*What is expected*.
Write out the whole listing exactly; no images belong in it.

*Recorded information*.
= = = = = = =

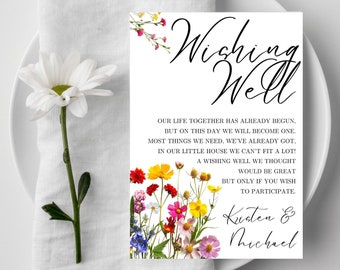 Wedding Wishing Well Sign Printable | Printable Well Wishes | Wedding Wishing Well | Wildflower Wedding Wishing Well | Instant Download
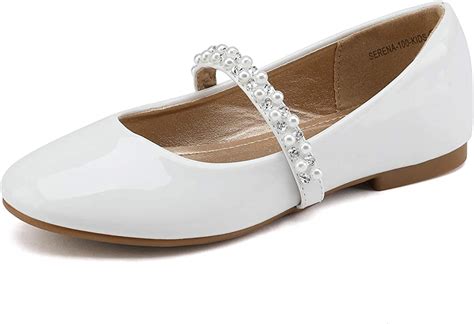 Dream Pairs Mädchen Mary Jane Ballerina Flache Schuhe Weiß Pat Größe 2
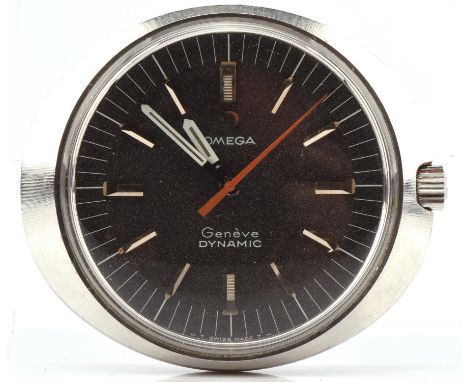 Omega a Gentleman's Geneve Dynamic stainless steel watch, with signed speckled stardust dial baton hour markers within  minut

= = = = = = =

*Task response*.
 Wedding Wishing Well Sign Printable | Printable Well Wishes | Wedding Wishing Well | Wildflower Wedding Wishing Well | Instant Download
 Dream Pairs Mädchen Mary Jane Ballerina Flache Schuhe Weiß Pat Größe 2
 Omega a Gentleman's Geneve Dynamic stainless steel watch, with signed speckled stardust dial baton hour markers within  minut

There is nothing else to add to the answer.